Taking place 12,000 years after the events of “Aquarion”, the story of “Aquarion EVOL” follows the journey of Amata Sora, a young man who has attempted to hide a special ability, he can fly when he gets too emotional, since he was a child. One day while working at a movie theater, Amata meets a young woman named Mikono Suzushiro and falls in love almost instantly. Having worked up the courage to talk to her, Amata and Mikono head out into the city to get to know a little bit more about each other, but their would-be date doesn’t last long.
While they are out, the city comes under attack from the “Abductors”, machines from another planet that abduct people, and in the ensuing battle between the collectors and the planet’s protectors, who pilot machines called “Vectors” which are combined to create “Aquaria” (giant robots), Amata and Mikono are taken into one of the Vectors and Amata unlocks a forbidden form of the Aquaria, called Aquarion EVOL, and uses it to battle back an enemy unlike any they had seen before. Once the battle is over, Amata and Mikono are taken to an academy where they are tested to uncover how Amata was able to hijack a Vector and form Aquarion EVOL, something that should have been prevented because male and female pilots are forbidden from combining with one another.
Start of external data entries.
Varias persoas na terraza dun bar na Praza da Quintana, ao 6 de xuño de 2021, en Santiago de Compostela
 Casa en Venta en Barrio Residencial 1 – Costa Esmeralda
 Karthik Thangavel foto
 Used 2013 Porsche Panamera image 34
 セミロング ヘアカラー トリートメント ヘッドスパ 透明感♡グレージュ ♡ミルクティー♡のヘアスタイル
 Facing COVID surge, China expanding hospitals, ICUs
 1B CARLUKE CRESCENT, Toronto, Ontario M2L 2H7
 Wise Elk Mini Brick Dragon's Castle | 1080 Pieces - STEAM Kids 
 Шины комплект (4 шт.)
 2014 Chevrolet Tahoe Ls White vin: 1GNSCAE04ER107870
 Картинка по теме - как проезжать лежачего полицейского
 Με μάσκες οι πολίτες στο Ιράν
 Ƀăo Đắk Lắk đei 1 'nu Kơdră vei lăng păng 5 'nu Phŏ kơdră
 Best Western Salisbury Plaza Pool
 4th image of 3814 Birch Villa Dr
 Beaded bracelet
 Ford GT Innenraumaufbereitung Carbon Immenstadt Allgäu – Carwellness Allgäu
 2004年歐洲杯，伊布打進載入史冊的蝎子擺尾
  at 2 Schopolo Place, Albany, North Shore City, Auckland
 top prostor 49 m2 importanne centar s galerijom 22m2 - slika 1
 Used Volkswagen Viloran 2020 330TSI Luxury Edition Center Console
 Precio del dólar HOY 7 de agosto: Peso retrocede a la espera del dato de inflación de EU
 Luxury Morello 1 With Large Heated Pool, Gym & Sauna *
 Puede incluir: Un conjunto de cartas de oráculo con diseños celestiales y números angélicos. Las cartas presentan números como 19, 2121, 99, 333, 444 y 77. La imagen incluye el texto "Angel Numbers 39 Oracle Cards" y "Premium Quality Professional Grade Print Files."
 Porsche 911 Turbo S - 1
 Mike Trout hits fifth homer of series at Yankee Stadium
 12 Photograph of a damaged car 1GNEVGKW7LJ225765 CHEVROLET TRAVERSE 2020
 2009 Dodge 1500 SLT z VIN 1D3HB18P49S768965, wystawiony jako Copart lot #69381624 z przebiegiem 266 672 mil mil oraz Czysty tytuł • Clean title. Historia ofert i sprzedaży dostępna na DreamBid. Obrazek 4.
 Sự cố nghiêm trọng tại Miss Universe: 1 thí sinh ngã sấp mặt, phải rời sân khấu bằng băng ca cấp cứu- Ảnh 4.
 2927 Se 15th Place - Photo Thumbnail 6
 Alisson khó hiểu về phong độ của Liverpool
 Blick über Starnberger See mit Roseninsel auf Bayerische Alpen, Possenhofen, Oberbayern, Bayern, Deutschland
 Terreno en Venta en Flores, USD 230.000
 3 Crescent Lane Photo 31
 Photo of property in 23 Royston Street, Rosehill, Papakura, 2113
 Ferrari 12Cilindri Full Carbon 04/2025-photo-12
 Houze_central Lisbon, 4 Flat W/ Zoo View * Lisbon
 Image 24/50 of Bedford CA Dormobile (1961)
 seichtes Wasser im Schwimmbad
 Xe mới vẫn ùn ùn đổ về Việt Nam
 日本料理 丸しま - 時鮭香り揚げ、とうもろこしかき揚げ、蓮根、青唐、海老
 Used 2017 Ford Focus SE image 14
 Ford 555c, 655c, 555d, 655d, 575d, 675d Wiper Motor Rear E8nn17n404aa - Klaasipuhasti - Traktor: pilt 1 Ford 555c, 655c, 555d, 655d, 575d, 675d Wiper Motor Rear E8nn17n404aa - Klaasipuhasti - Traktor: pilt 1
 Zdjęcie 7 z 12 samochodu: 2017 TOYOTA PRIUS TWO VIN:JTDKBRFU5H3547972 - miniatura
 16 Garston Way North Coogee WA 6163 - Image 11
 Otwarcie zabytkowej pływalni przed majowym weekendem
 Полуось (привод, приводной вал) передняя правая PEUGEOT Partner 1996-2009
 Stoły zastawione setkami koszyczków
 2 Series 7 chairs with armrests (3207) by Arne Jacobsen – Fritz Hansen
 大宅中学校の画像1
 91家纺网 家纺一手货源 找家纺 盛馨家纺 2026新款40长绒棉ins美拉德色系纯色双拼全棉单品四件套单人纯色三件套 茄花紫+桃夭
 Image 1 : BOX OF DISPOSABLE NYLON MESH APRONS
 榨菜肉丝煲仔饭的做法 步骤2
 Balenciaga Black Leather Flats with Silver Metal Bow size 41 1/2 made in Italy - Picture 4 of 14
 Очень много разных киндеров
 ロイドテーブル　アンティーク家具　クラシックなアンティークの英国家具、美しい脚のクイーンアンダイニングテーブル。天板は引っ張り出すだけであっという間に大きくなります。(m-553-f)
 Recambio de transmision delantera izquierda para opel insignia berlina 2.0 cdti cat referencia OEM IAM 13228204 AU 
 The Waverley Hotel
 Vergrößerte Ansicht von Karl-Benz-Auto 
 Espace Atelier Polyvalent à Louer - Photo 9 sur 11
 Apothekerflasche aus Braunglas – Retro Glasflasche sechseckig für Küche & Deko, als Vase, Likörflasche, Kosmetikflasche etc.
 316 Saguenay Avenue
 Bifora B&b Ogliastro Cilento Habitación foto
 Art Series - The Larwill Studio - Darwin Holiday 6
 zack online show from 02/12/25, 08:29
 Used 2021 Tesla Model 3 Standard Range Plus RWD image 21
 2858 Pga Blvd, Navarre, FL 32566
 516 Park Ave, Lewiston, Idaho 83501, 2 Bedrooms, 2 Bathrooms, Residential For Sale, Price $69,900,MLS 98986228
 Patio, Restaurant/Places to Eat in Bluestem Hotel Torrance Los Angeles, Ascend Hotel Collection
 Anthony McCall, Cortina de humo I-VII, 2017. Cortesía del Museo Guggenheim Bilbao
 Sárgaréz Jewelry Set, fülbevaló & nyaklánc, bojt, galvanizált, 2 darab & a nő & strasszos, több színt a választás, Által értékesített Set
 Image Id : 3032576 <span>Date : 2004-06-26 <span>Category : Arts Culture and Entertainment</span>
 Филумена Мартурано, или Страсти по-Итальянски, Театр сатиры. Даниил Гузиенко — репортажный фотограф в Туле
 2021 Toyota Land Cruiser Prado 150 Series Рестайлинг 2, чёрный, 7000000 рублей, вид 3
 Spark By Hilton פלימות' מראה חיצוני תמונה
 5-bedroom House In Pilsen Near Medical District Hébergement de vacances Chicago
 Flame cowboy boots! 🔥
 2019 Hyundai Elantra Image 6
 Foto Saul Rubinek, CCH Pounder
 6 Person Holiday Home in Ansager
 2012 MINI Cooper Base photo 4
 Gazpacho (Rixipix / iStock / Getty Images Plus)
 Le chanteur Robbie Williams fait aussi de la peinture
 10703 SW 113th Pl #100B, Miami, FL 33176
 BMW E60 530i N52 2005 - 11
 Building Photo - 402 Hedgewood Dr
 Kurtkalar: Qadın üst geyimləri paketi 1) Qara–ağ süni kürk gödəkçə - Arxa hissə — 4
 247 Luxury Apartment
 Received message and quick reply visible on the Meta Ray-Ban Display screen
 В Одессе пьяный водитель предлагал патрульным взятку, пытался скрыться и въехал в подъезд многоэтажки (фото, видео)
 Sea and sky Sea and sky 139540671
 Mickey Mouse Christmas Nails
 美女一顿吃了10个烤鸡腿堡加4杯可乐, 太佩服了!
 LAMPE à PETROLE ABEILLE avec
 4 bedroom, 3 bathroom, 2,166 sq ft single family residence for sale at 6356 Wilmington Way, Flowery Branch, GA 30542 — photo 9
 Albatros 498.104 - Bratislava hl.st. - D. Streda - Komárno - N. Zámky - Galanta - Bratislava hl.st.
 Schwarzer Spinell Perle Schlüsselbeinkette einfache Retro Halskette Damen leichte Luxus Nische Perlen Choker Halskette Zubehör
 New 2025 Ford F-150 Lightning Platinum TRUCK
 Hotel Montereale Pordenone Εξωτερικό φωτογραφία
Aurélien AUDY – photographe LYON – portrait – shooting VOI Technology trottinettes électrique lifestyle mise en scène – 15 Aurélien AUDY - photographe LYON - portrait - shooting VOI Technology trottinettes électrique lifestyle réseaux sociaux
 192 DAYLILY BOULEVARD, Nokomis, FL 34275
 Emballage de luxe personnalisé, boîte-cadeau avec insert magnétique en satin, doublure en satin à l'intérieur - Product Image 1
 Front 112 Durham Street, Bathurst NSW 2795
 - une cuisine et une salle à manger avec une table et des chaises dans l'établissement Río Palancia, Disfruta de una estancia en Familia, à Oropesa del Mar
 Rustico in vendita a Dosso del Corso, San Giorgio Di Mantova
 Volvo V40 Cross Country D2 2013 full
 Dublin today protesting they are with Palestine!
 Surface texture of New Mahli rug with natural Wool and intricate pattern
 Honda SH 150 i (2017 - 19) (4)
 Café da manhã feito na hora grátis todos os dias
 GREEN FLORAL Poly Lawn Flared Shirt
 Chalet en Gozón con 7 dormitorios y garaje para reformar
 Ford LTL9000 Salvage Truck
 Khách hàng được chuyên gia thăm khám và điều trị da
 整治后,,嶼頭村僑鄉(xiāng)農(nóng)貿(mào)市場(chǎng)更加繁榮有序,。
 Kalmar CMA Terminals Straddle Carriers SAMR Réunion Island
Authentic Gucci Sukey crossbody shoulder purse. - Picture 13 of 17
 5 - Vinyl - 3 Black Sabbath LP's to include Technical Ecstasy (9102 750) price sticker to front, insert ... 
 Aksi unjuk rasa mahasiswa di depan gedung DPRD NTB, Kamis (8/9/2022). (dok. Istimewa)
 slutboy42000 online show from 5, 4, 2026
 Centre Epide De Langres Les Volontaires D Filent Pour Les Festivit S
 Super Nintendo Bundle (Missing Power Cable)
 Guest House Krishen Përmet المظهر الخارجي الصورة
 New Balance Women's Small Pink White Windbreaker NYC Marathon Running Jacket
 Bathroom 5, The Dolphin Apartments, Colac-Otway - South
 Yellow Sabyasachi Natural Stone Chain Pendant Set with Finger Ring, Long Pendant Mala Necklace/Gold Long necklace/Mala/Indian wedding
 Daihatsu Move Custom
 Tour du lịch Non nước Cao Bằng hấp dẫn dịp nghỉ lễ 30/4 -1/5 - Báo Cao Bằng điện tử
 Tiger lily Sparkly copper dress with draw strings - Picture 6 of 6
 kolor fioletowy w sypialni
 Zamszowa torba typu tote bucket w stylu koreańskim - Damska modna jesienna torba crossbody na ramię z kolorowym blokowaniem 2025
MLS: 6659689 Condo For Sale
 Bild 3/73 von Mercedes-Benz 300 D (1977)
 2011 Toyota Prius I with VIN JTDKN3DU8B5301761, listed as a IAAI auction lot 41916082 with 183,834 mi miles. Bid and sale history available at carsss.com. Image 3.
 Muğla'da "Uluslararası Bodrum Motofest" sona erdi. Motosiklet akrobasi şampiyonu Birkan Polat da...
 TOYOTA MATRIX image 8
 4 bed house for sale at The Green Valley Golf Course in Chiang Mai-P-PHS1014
As the two begin their new lives at the academy, a school for Elementals, humans with the ability to use special powers, Amata is shocked to learn that he and Mikono are forbidden from seeing one another, and not just because Mikono’s older brother is a teammate; the academy has been split into a boys side and a girls side with interaction between the two side restricted. The rules are forced to change however as new and more powerful enemies begin attacking, looking for Mikono and the other female pilots. This forces the two sides to team up, but after years of separation there are plenty of issues, mostly to do with hormones.
The “Aquarion: EVOL” story is an interesting, although familiar concept. In the first part of the anime, the first 13 episodes, the story mainly focuses on Amata and the rest of his classmates learning to work alongside one another as they fight to prevent their enemy from abducting anoyone else. One enemy pilot, a psychopath named Kagura, becomes especially obsessed with Mikono while Amata has his own pursuer in the form of Zessica, a fellow pilot, forcing a bit of a love triangle (or is it a square?).
Although the story seems a bit too similar to other anime in some ways it is still entertaining. The battles have plenty of action and many of the characters are likable and their interactions make for some great comedic and dramatic moments. Perhaps it is still too early in the series, but Mikono is one character that I just could like, there was just something about her that made her difficult to pull for. Hopefully as the story progresses that will change.
Visually “Aquarion: EVOL” had a good look, the picture quality was clear and the animation was smooth. This review is based on the DVD version of the series so the Blu-ray could offer even better quality. As far as the designs go, the characters all had looks that fit with their personalities well, and characters like Zessica and MIX delivered on the fan service side of things. The mechs also had some nice designs and the different combinations kept things from getting too repetitive.
The two voice casts both seemed to do a fair job with matching up with their characters, there were a few that seemed a little off, like Andy having too deep of a voice (in my opinion) in the Japanese dub, but overall both versions are equally watchable. Should you watch the series with subtitles, they are clear, easy to read and remain on screen for a fair length of time.
Included as on-disc features were English staff commentary for episodes one and nine, the textless opening and closing, a U.S. trailer for “Aquarion: EVOL” and trailers for other FUNimation releases. Also included was “The Myth of Ten Thousand Years and Two Thousand More Returns”, a featurette that offers some insight into the return of “Aquarion”.
“Aquarion: EVOL” offers plenty of laughs and action along with some fan service and fans of mecha anime should find this one worth watching. The series does have a strange pacing though, it seemed like they focused quite a bit on the relationships of all of the characters and then they would have to cram in the conflict between the two sides, so at times it would feel slow and then it would speed up without much warning. Now that much of the cast has been introduced, hopefully the next part will focus more on the main story.
3.5 out of 5
Publisher: FUNimation Entertainment
Runtime: 325 minutes
Number of Episodes: 13
Number of Discs: 2 DVDs (Also on Blu-ray)
Languages: English, Japanese with English subtitles
Age Rating: TV-14
Release Date: December 3, 2013
SRP: $69.98 (For the limited edition Blu-ray/DVD combo pack)
(A review copy of “Aquarion: EVOL” on DVD was provided by FUNimation Entertainment.)